Regenerate this figure: `python3 scripts/gen_architecture.py` (needs Pillow, e.g. `pip install ragnav[dev]`).

### Long PDFs and paper mode

For **papers and long PDFs**, use **navigation-first** routing (pages → evidence → optional `link_to` refs). That workflow is **not** required for the markdown snippet above; see [Quickstart (Python): papers](#quickstart-python-papers-recommended) and the CLI section below.

## The problem (why long-document QA fails)

LLMs have finite context windows and degrade on long inputs (“lost in the middle” effects). In long PDFs (papers, reports, manuals), naive retrieval often returns *plausible* text but misses the *right* place.

## Why classic vector + chunk RAG fails (in PDFs)
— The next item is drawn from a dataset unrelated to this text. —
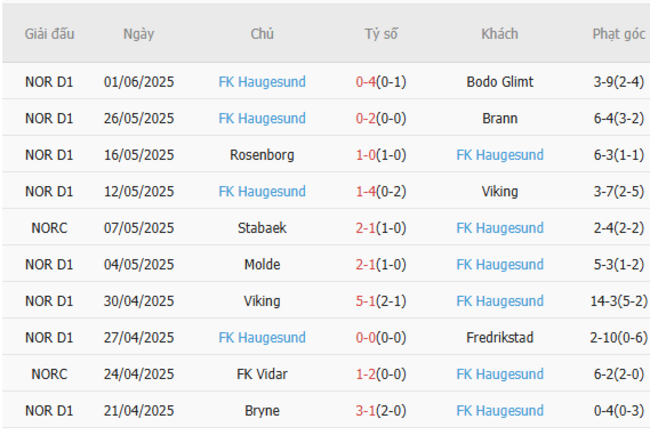 Phong độ của FK Haugesund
1. **Intent mismatch**: the query expresses intent; the most similar text isn’t always the most relevant.
2. **Hard chunking breaks meaning**: chunks cut across sections/tables/captions, losing provenance and coherence.
3. **Similarity ≠ relevance**: many sections look semantically similar (especially in technical documents).
4. **Cross-references**: “see Figure 3 / Table 2 / Appendix A / Section 4.1” rarely matches the referenced content.
5. **No navigation**: users don’t want “top-k chunks”; they want *where the answer lives* + traceable evidence.

## RAGNav’s approach (navigation-first retrieval loop)

RAGNav is built around a simple loop:

1. **Ingest (paper mode)**: PDF → blocks with `anchors={"page": N}` + edges (`parent`, `next`, `link_to`).
2. **Route**: query → rank likely **pages**.
3. **Retrieve**: search **within routed pages** (hybrid BM25 + embeddings).
4. **Expand**: add coherence (section headers + adjacent “next” blocks).
5. **Follow refs** (optional): traverse `link_to` edges (Figure/Table/Appendix/Section).
6. **Answer**: generate from retrieved evidence (optionally with inline citations).

## The “index” (what the model navigates)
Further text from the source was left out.